Kennedy D W, Goodstein M L, Miller N R, Zinreich S J
Department of Otolaryngology-Head and Neck Surgery, Johns Hopkins Medical Institutions, Baltimore, Md.
Arch Otolaryngol Head Neck Surg. 1990 Mar;116(3):275-82. doi: 10.1001/archotol.1990.01870030039006.

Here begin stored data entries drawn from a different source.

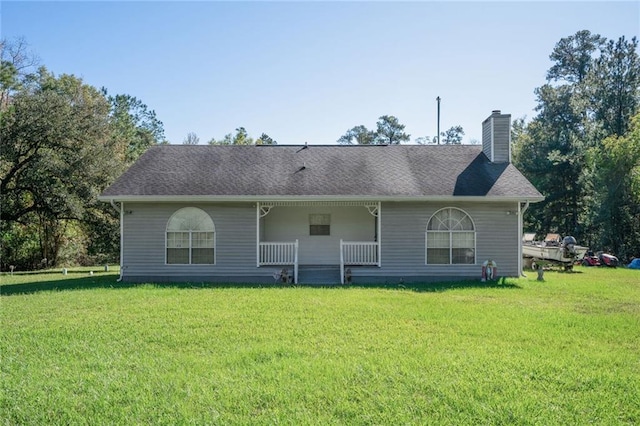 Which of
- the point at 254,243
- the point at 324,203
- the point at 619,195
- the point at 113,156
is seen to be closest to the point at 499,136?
the point at 324,203

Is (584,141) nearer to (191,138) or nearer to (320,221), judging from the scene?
(320,221)

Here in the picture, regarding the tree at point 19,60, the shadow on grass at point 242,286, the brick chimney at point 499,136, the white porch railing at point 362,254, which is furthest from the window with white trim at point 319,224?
the tree at point 19,60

Orbital decompression for dysthyroid orbitopathy has traditionally been performed through either an external or a transantral approach. The advent of intranasal endoscopes allowed for the development of a transnasal approach for medial and inferior orbital wall decompression. Using this approach, orbital decompressions were performed on 13 orbits in eight patients with severe complicated dysthyroid orbitopathy. Simultaneous bilateral lateral orbitotomies were performed on five patients. Walsh-Ogura decompressions and lateral orbitotomies were performed on two orbits. When combined with lateral orbitotomy, Hertel measurements improved an average of 5.7 mm in orbits decompressed transnasally and 4.5 mm in orbits decompressed with a Walsh-Ogura approach. Transnasal decompression alone improved Hertel measurements an average of 4.7 mm. Visual acuity improved in three of four patients with optic neuropathy, and in all patients with exposure keratopathy. We conclude that the endoscopic transnasal approach provides comparable decompression to traditional methods while avoiding the morbidity of an external ethmoidectomy or Caldwell-Luc antrotomy.
甲状腺相关眼病的眼眶减压术传统上通过外部或经上颌窦入路进行。鼻内镜的出现使得经鼻入路进行眶内侧壁和眶下壁减压得以发展。采用这种方法,对8例重度复杂性甲状腺相关眼病患者的13只眼眶进行了眼眶减压术。5例患者同时进行了双侧外侧眶切开术。对2只眼眶进行了Walsh-Ogura减压术和外侧眶切开术。当与外侧眶切开术联合使用时,经鼻减压的眼眶Hertel测量值平均改善5.7 mm,采用Walsh-Ogura方法减压的眼眶平均改善4.5 mm。单纯经鼻减压使Hertel测量值平均改善4.7 mm。4例视神经病变患者中有3例视力改善,所有暴露性角膜病变患者视力均改善。我们得出结论,内镜经鼻入路与传统方法提供了相当的减压效果,同时避免了外部筛窦切除术或Caldwell-Luc上颌窦切开术的并发症。